Short descriptive text snippets:
- Opening Delimiter -
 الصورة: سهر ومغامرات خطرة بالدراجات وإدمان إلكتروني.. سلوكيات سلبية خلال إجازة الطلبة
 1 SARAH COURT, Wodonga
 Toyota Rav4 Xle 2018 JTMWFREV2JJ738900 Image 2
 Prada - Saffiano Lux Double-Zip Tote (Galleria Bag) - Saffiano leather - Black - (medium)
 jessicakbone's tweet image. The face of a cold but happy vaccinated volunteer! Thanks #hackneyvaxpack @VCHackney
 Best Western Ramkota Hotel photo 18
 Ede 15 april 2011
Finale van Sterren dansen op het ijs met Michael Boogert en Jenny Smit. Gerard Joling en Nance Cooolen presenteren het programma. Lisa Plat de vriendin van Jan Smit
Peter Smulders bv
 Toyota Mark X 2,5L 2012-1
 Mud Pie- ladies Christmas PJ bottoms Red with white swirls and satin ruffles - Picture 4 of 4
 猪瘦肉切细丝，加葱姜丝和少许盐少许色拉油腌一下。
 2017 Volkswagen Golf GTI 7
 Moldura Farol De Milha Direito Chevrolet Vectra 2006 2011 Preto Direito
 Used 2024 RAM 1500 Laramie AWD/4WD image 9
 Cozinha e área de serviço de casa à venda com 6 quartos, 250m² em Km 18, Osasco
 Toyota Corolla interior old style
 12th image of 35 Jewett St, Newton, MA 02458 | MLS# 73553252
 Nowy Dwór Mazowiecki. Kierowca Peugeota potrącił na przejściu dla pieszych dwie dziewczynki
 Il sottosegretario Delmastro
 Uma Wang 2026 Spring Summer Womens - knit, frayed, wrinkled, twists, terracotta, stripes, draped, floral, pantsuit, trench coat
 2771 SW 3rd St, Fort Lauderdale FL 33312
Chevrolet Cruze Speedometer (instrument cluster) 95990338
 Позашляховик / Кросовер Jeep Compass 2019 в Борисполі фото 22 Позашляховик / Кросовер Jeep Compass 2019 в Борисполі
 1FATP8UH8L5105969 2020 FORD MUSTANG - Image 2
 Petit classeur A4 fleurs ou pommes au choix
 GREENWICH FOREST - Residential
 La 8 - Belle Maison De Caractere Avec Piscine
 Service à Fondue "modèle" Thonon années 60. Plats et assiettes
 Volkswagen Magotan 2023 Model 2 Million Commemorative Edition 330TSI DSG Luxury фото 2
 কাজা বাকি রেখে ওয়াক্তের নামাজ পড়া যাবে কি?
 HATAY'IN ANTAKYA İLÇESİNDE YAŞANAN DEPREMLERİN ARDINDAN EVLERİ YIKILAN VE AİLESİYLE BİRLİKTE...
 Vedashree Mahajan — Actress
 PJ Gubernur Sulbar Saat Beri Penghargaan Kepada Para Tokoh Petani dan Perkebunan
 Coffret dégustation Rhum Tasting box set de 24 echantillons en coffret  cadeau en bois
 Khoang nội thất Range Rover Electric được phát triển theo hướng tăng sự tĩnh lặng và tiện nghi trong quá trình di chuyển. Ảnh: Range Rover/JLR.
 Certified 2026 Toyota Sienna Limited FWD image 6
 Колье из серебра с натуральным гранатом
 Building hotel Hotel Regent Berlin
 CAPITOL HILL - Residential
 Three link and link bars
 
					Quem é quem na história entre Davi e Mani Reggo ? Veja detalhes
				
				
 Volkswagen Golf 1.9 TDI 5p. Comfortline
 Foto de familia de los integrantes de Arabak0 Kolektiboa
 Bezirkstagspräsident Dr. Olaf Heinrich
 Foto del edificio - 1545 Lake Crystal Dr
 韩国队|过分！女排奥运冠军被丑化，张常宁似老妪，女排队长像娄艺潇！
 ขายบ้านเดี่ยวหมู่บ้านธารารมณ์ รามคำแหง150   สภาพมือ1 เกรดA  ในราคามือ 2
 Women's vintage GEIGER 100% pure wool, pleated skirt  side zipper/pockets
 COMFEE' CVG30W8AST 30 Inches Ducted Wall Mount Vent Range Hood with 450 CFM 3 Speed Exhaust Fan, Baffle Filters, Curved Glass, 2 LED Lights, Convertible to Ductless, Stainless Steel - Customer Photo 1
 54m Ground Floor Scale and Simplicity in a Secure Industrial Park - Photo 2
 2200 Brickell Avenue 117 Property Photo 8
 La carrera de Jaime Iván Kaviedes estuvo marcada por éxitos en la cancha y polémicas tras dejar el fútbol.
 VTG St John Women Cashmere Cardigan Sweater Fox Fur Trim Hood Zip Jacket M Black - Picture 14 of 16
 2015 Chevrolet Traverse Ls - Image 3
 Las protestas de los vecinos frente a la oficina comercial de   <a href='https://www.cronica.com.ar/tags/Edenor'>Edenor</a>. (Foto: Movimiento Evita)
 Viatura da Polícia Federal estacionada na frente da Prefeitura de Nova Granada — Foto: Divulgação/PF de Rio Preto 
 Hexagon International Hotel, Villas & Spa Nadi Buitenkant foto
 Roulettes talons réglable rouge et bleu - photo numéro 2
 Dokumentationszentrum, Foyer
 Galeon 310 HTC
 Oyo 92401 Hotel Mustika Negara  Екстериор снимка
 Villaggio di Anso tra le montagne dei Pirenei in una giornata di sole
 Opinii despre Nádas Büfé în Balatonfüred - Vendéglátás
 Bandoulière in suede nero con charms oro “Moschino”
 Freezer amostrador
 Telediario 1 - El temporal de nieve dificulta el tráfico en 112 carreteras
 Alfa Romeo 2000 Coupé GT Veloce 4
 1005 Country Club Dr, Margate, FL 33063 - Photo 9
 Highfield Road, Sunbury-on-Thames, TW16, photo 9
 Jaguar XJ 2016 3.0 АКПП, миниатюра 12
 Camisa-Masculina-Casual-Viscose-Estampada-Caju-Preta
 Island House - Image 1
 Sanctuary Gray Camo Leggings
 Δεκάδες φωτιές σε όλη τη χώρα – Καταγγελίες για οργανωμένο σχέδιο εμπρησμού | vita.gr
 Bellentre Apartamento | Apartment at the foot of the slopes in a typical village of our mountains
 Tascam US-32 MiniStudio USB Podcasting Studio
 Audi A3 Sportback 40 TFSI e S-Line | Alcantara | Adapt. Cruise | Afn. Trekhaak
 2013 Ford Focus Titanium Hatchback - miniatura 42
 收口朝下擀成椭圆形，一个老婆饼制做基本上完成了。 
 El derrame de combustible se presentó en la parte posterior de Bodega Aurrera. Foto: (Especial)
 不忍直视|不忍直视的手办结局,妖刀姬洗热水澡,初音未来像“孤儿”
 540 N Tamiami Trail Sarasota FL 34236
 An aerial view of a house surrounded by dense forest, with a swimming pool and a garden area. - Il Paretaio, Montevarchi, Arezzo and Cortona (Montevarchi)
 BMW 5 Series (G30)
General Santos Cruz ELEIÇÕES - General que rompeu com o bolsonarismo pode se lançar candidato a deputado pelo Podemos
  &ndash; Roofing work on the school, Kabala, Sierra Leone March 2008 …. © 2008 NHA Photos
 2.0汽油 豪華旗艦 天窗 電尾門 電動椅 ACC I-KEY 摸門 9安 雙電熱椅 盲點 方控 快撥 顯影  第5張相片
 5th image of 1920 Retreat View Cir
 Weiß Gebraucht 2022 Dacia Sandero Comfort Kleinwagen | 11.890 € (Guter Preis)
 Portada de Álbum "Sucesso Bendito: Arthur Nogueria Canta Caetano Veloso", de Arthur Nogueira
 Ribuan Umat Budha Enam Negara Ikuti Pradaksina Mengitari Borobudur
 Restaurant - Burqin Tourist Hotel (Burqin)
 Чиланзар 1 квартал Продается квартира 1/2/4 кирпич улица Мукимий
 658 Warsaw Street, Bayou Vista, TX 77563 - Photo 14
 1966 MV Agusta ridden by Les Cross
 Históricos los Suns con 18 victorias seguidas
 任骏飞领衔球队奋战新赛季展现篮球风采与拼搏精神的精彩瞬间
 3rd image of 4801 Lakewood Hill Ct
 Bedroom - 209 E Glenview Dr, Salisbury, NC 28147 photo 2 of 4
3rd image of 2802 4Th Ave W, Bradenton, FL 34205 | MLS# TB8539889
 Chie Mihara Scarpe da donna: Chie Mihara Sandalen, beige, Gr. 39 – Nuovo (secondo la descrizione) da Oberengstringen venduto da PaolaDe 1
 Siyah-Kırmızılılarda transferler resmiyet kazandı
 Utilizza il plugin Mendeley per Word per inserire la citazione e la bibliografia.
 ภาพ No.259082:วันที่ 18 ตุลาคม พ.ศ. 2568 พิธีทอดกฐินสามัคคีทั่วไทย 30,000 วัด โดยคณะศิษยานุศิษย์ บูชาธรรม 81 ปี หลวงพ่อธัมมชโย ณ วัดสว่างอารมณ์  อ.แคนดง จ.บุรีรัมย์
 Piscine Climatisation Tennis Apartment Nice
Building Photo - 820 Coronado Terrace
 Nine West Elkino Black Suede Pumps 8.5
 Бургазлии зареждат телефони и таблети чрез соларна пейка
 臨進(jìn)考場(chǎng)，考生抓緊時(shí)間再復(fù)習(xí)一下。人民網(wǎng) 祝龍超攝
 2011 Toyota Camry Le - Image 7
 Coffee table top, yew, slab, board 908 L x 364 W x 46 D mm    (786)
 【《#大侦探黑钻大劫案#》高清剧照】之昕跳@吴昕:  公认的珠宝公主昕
- Closing Delimiter -
TASK DESCRIPTION: Check each line of the data for "Golf". Copy the lines where it turns up.

ANSWER SECTION:
 2017 Volkswagen Golf GTI 7
 Volkswagen Golf 1.9 TDI 5p. Comfortline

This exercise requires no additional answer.